Imagine this, you recently opened a coffee bean business, and as it turns out your beans are the best in the market. You got your shop setup, and start selling those beans. You get good sales, and eventually, you start receiving orders from different cities. You start to think about how to deliver those beans to your customers, then it hits you.

Step 1: Get a bunch of trucks 🚚🚚

Step 2: Deliver ☕☕

Step 3: Profit 💰💰

A year passes by and your beans become more and more popular. You get your first order from a different country, but this time trucks won't work. They take too long and the road is bumpy, which may hurt the quality of your beans. You think once again... Then it hits you.

Step 1: Get a bunch of planes ✈️✈️

Step 2: Deliver ☕☕

Step 2: Profit 💰💰

A couple of years pass by, your beans are the most popular ones in the world. Your beans are being exported to all continents and countries in the world. You use all sorts of transportation method s which includes trucks, planes, ships, cars, helicopters, etc...

You might think all is nice and dandy but when you have so many methods of transportation, you have to make sure that they all don't mess up, meaning that it's very hard to manage that your coffee beans won't be ruined in different environments. It's a huge expense and headache for your business.

Great now you got a new problem, so as always you start to think, think and do more thinking until one day the "AHAAAA" moment hits and you figure it out.

Put a bunch of bean bags in a shipping container. Something like this:

Using this method, you can simply store your coffee beans in a container that will guarantee it's safety no matter what, may it be a ship, plane, car, truck, doesn't matter — it will always be safe.

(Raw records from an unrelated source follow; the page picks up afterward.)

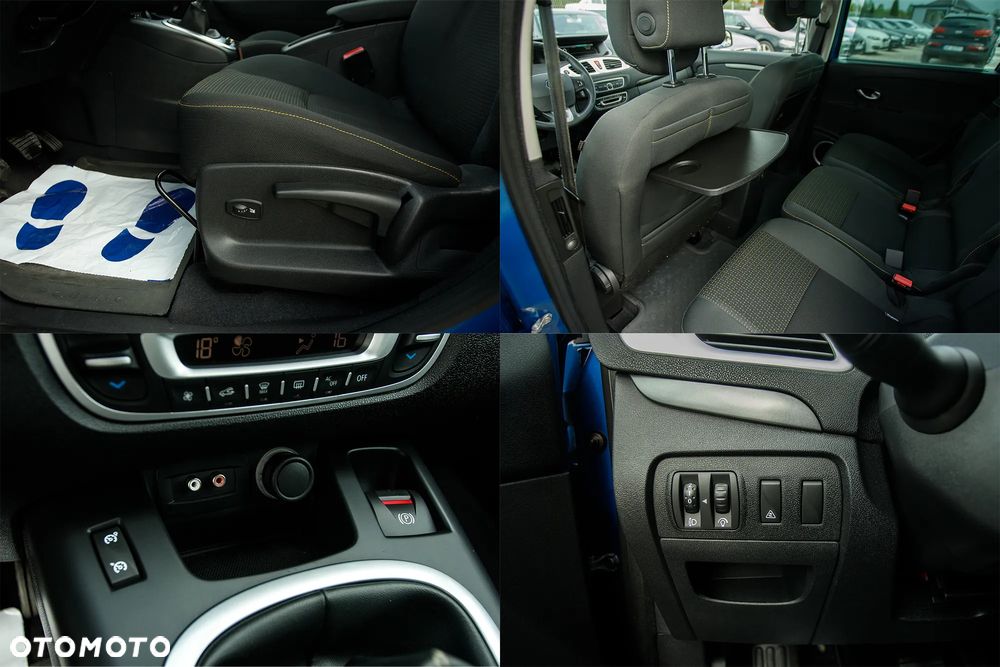 Renault Scenic TCe 130 Dynamique - 24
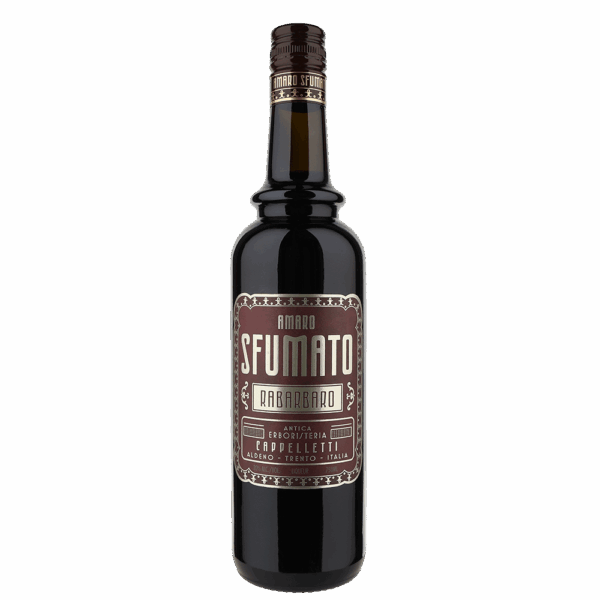Sfumato Rabarbaro Amaro 750ml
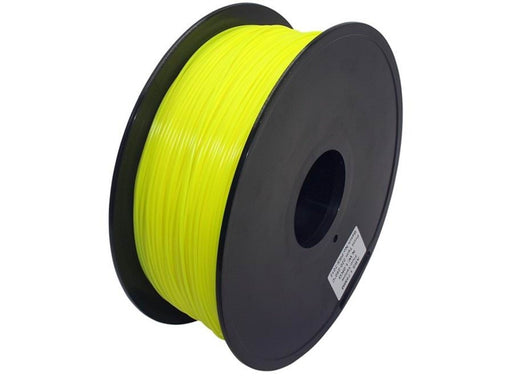 CCTree ABS 1.75 mm 1 kg Yellow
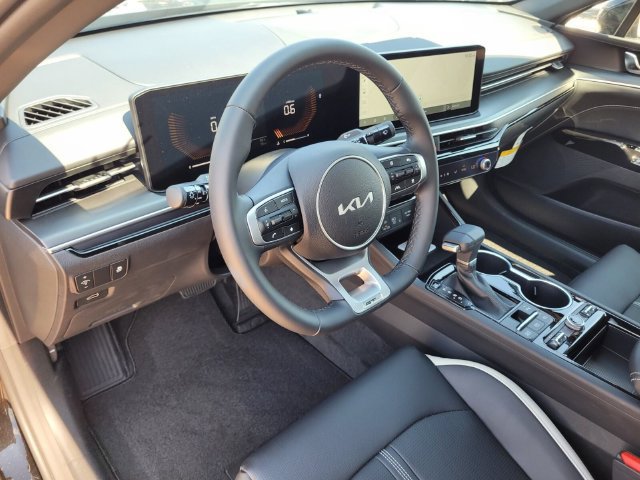 New 2026 Kia K5 GT-Line FWD image 9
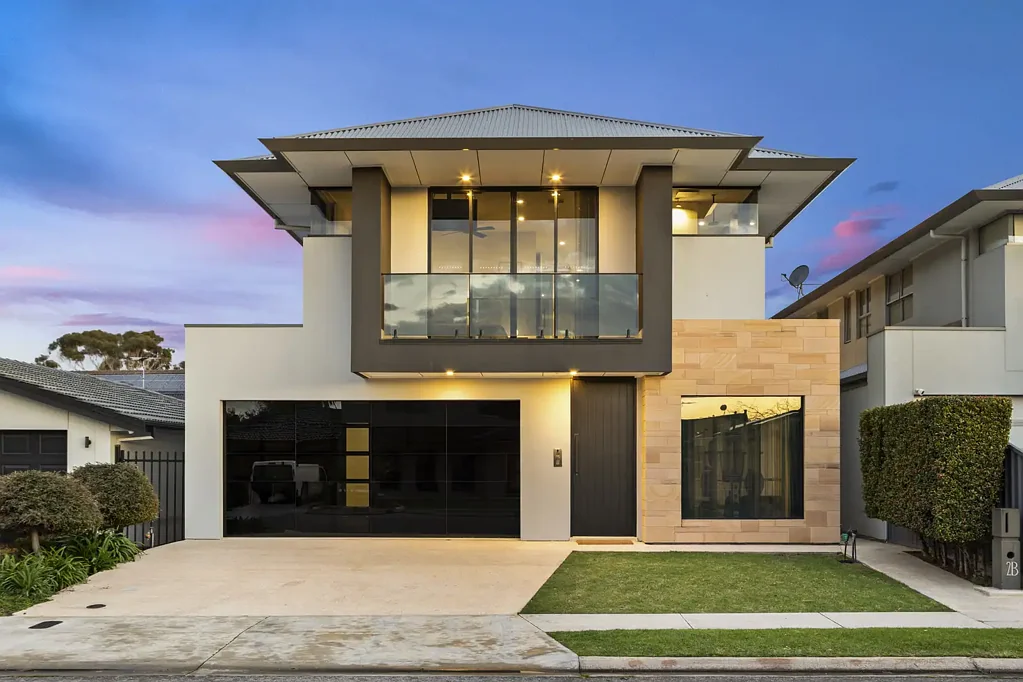 West Lakes 6Zimmer A Grand Statement of Quality, Scale and Lifestyle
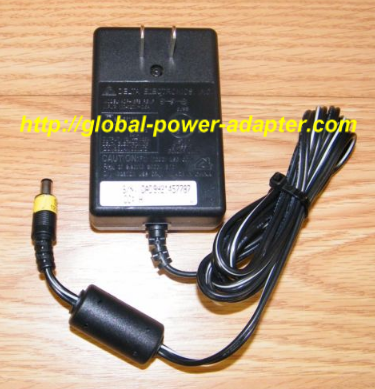 NEW Genuine Delta ADP-15FB AC Adapter Power Supply Charger 12V 1.25A 50-60Hz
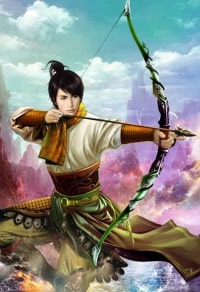 惡毒男配只想鹹魚保命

A little bit about history

Don't worry this won't take long.

The problem we just had with our coffee beans was a very common problem in the pre-60s. They worried about bad interactions between different types of cargo (e.g. if a shipment of anvils fell on a sack of bananas). Similarly, transitions between different modes of transport were painful. Up to half the time to ship something could be taken up as ships were unloaded and reloaded in ports, and in waiting for the same shipment to get reloaded onto trains, trucks, etc. Along the way, losses due to damage and theft were large. And, there was an X matrix between a multiplicity of different goods and a multiplicity of different transport mechanisms.

Fortunately, an answer was found in the form of a standard shipping container. Any type of goods, from pistachios to Porsches, can be packaged inside a standard shipping container. The container can then be sealed, and not re-opened until it reaches its final destination. In between, the containers can be loaded and unloaded, stacked, transported, and efficiently moved over long distances. The transfer from ship to gantry crane to train to truck can be automated, without requiring a modification of the container. This piece of technology revolutionized transportation and world trade. Today, 18 million standard containers carry 90% of world trade.

Coming Back To Tech

It can be said that in tech we had the same kind of problem because in the past the usual tech stack was very simple.

Deploying this didn't include going to hell and coming out of it. But as time progressed, our apps have progressively become a lot more complicated. Nowadays our apps are not a monolith, there may be a frontend and a separate backend. You might even have microservices with each service being on a separate server. Essentially what I'm saying is that:

Shipping code is so damn hard

There are a million things that can go wrong:

• Your customers OS is not compatible with the software.
• The server has missing dependencies.
• There are some bugs that can only be found on a specific OS.
• Two libraries have conflicting dependencies.

I could go on but for the sake of your time I will stop here.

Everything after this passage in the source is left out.